→ **What you need to do**:
After locating the line containing "Şiraz, İran - 17", transcribe that line and all following lines exactly, stopping only at the end of the records.

→ **Short web captions**:
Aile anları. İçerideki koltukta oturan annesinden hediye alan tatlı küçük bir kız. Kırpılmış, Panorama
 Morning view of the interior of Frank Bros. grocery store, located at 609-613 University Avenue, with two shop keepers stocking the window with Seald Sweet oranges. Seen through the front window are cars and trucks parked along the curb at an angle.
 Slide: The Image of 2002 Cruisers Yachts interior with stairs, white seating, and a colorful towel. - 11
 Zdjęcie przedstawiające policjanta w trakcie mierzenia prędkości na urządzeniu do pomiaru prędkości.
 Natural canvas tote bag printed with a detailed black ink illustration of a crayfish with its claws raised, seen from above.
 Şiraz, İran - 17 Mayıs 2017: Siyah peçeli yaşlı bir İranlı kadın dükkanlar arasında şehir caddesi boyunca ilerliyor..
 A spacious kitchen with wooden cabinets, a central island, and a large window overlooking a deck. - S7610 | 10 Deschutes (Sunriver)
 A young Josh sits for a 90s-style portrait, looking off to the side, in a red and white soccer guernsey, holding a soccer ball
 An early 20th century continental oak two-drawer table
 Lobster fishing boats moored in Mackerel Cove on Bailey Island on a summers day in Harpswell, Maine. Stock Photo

→ **Task solution**:
 Şiraz, İran - 17 Mayıs 2017: Siyah peçeli yaşlı bir İranlı kadın dükkanlar arasında şehir caddesi boyunca ilerliyor..
 A spacious kitchen with wooden cabinets, a central island, and a large window overlooking a deck. - S7610 | 10 Deschutes (Sunriver)
 A young Josh sits for a 90s-style portrait, looking off to the side, in a red and white soccer guernsey, holding a soccer ball
 An early 20th century continental oak two-drawer table
 Lobster fishing boats moored in Mackerel Cove on Bailey Island on a summers day in Harpswell, Maine. Stock Photo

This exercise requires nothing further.